Наступило молчание. Губернатор с лютой ненавистью смотрел на Блада. Затем, всё так же молча, схватил подзорную трубу и шагнул к окну. Когда он отвернулся от окна, лицо его было искажено бешенством.
— Но вы тоже кое-чего не учли. Вы-то ещё в наших руках! Я сейчас сообщу вашей разбойничьей шайке, что при первом их выстреле вы будете повешены. Зовите стражу, Макартни. Хватит болтать языком!
— Ещё минуту, — сказал Блад. — Как вы досадно поспешны в своих умозаключениях! Волверстон получил от меня приказ, и ничто, никакие ваши угрозы не заставят его уклониться от этого приказа хотя бы на йоту. Можете меня повесить, воля ваша. — Он пожал плечами. — Если бы я дорожил жизнью, разве бы я избрал ремесло пирата? Однако учтите: после того как вы меня повесите, мои матросы не оставят от города камня на камне. Мстя за меня, они не пощадят ни стариков, ни женщин, ни детей. Подумайте хорошенько и вспомните ваш долг перед королём и вверенной вам колонией долг, который вы по справедливости считаете первостепенным.
Бесцветные глаза губернатора сверлили Блада, словно стремясь проникнуть в самую его душу. Блад стоял перед губернатором неустрашимый, спокойный, и его спокойствие было пугающим.

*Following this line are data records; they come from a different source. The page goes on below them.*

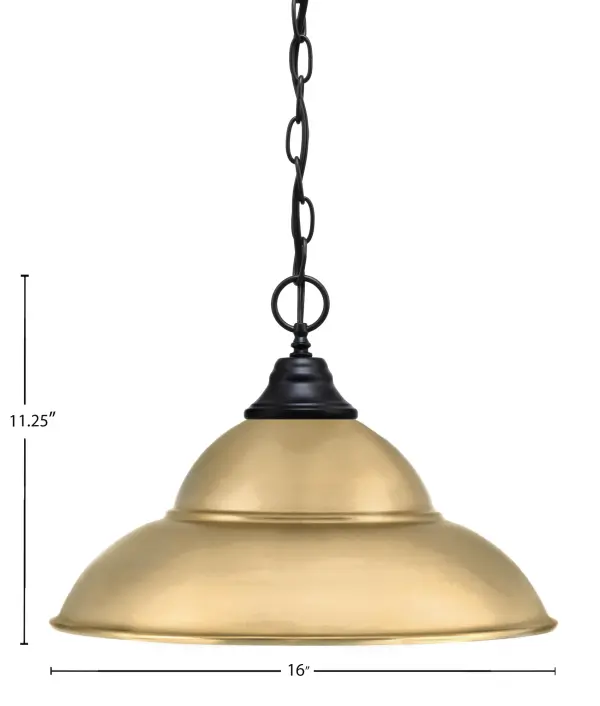 Toltec Chain Hung Pendant with Double Bubble Brass Shade - Image 2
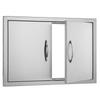 BBQ Access Door, 711x482 Mm Double Outdoor Kitchen Door, Stainless Steel Flush Mount Door, Wall Vertical Door with Handles, for BBQ Island, Grilling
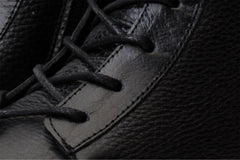 The Yildiz Black Leather Lace-Up Ankle Boot With a Side Zipper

Полковник поглядел на Макартни, словно ища у него поддержки, но не получил её. Наконец, поборов себя, он произнёс сквозь зубы:
— О будь я проклят! Поделом мне — нечего было связываться с пиратом! Я выплачу вам ваши сто шестьдесят тысяч, чтобы отделаться от вас, и убирайтесь отсюда ко всем чертям! Прощайте!
— Сто шестьдесят тысяч? — Капитан Блад изумлённо поднял брови. — Это вы должны были заплатить мне как своему союзнику. Такое соглашение было заключено нами до объявления войны.
— Какого же дьявола вам ещё нужно?
— Поскольку вы сложили оружие и признали себя побеждённым, мы можем теперь перейти к обсуждению условий мирного договора.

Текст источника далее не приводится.